About this exercise ▸
Using the material below, print a verbatim copy of every line from the one containing "USB Rechargeable Camping" through the one containing "Brown And Ivory Woven Wool Reversable Throw", inclusive, and omit the pictures.

Records for this exercise ▸
====================

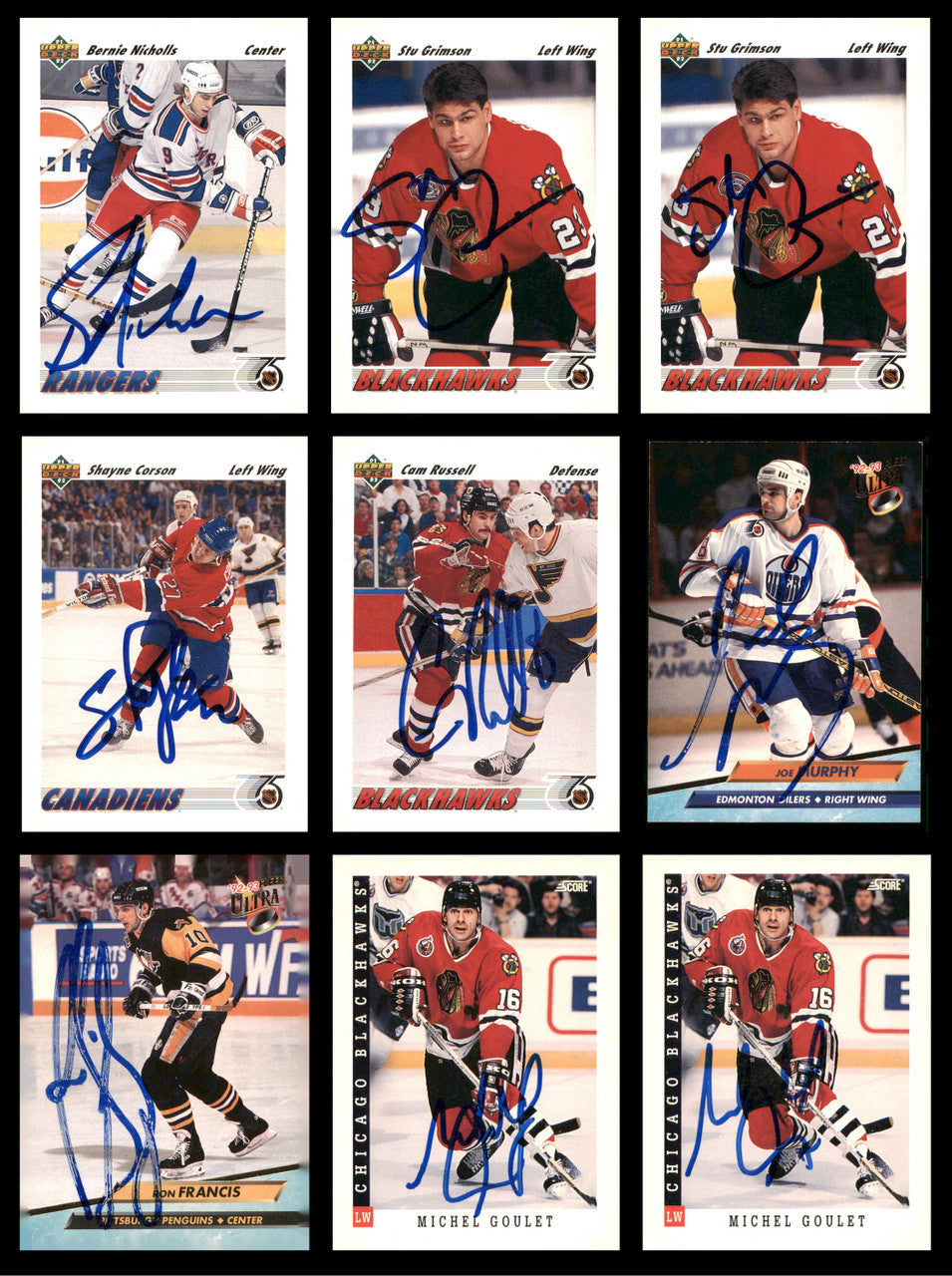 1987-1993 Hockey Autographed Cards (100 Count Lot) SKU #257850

====================

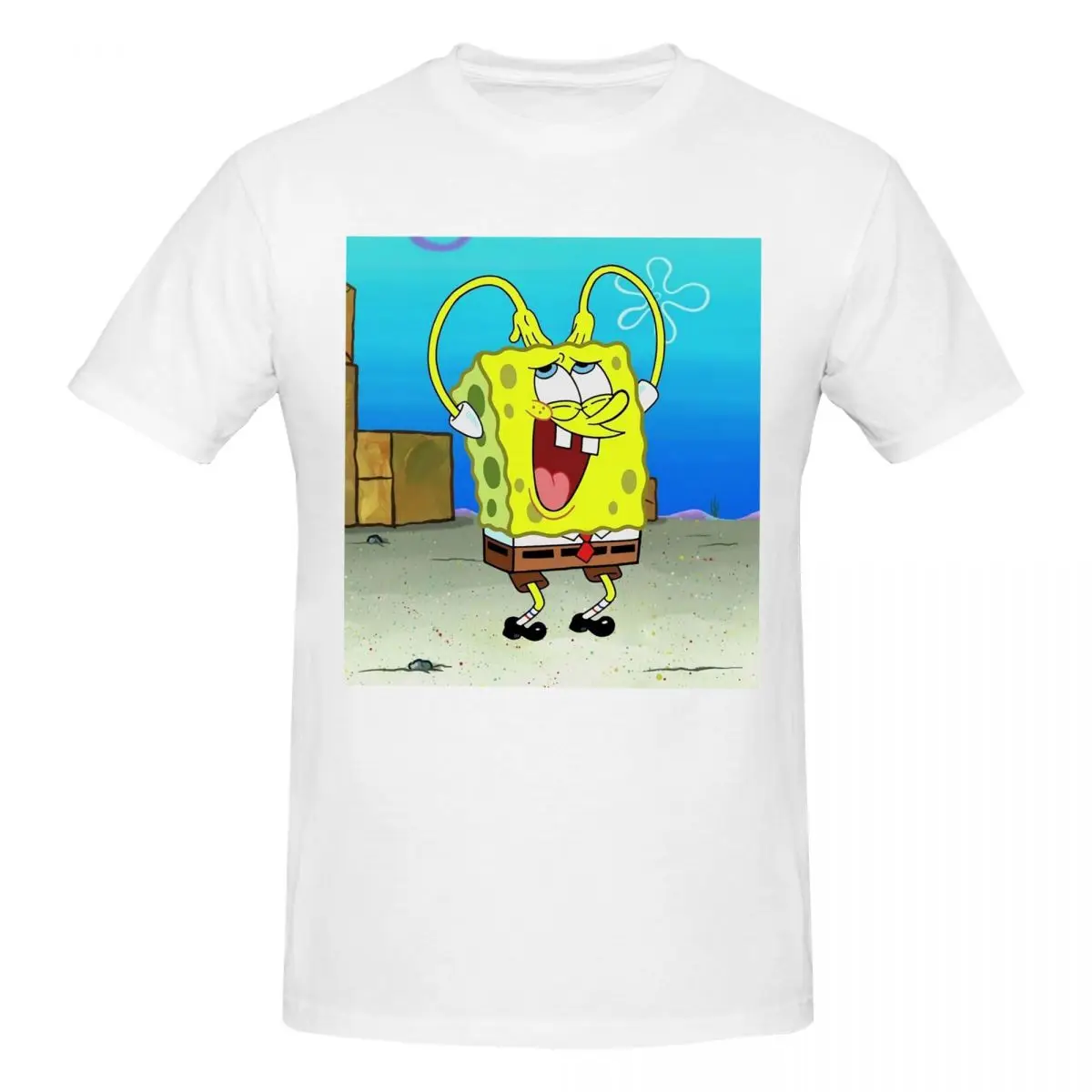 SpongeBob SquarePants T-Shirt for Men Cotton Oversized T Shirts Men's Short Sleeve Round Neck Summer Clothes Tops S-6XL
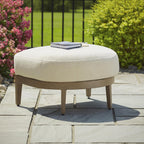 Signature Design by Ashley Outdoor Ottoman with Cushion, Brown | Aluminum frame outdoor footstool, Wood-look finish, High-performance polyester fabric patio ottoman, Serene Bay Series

====================

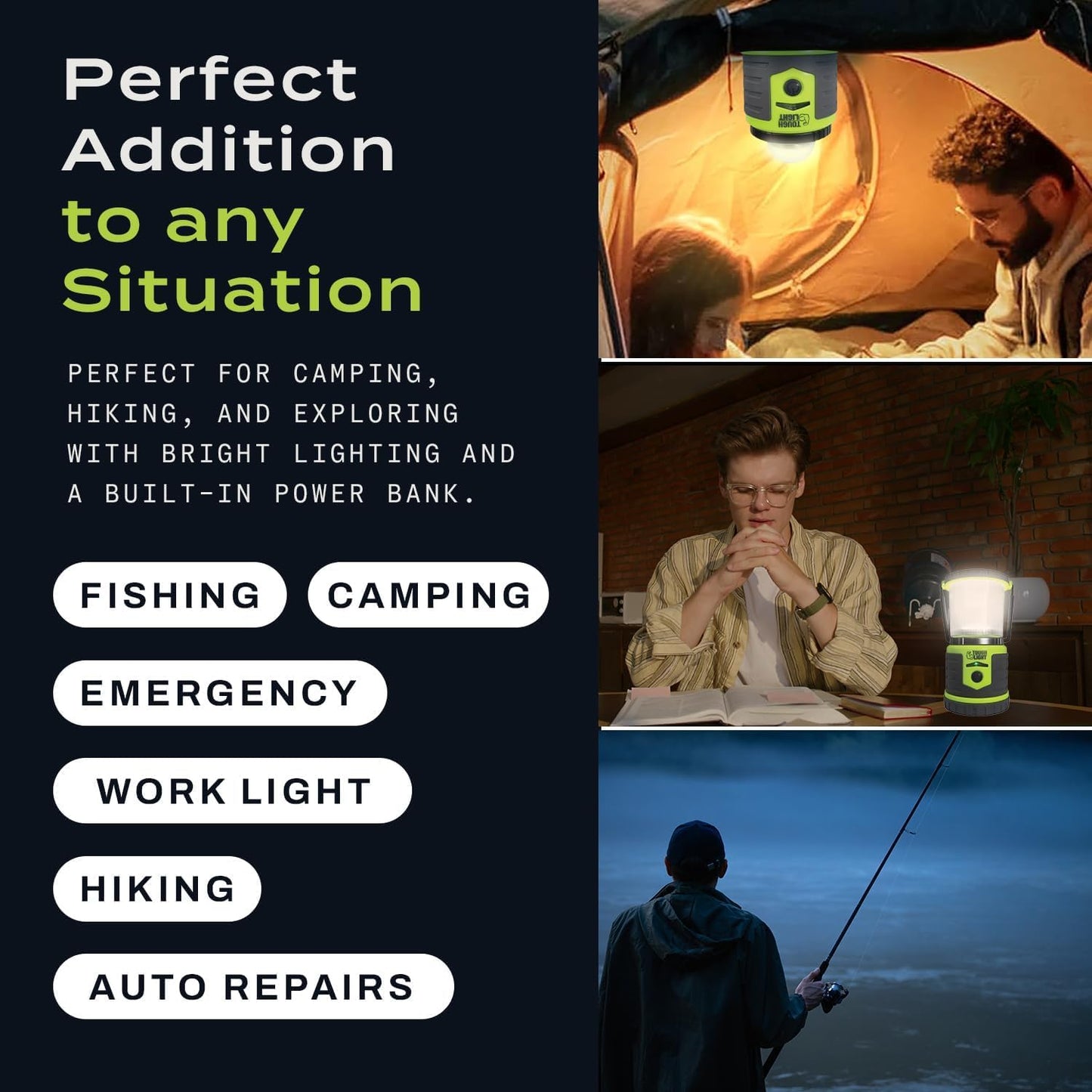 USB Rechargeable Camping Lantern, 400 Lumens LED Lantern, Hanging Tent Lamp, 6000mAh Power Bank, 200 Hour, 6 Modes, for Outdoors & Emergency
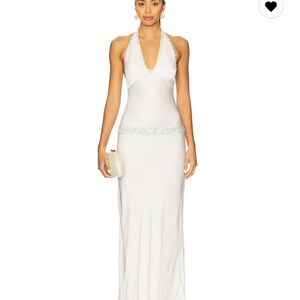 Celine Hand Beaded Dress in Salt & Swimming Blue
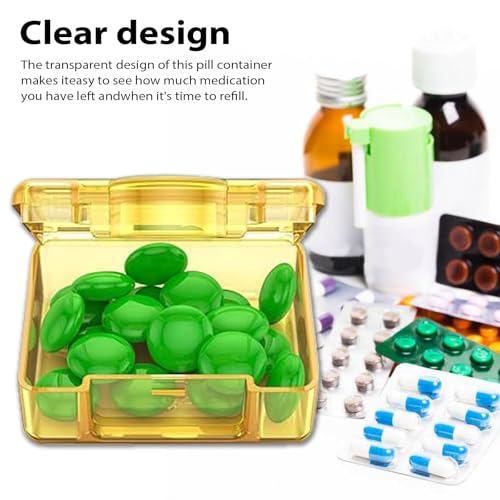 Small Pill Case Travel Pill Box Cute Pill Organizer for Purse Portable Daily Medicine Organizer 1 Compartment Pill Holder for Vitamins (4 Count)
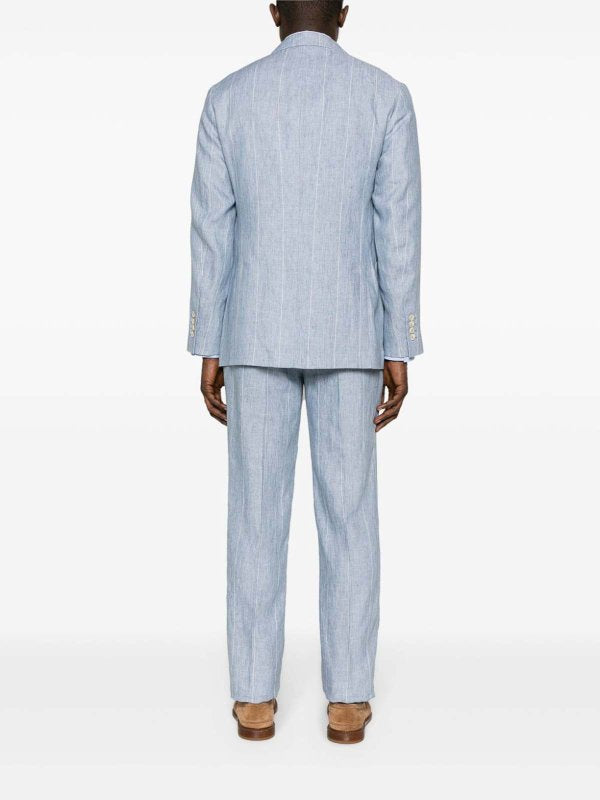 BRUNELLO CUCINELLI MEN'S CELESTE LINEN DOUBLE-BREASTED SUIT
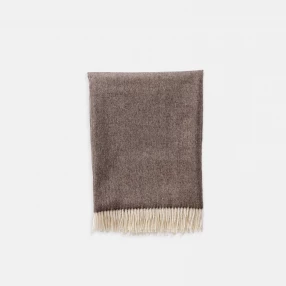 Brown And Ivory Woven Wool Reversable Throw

====================

Completed task ▸
 USB Rechargeable Camping Lantern, 400 Lumens LED Lantern, Hanging Tent Lamp, 6000mAh Power Bank, 200 Hour, 6 Modes, for Outdoors & Emergency
 Celine Hand Beaded Dress in Salt & Swimming Blue
 Small Pill Case Travel Pill Box Cute Pill Organizer for Purse Portable Daily Medicine Organizer 1 Compartment Pill Holder for Vitamins (4 Count)
 BRUNELLO CUCINELLI MEN'S CELESTE LINEN DOUBLE-BREASTED SUIT
 Brown And Ivory Woven Wool Reversable Throw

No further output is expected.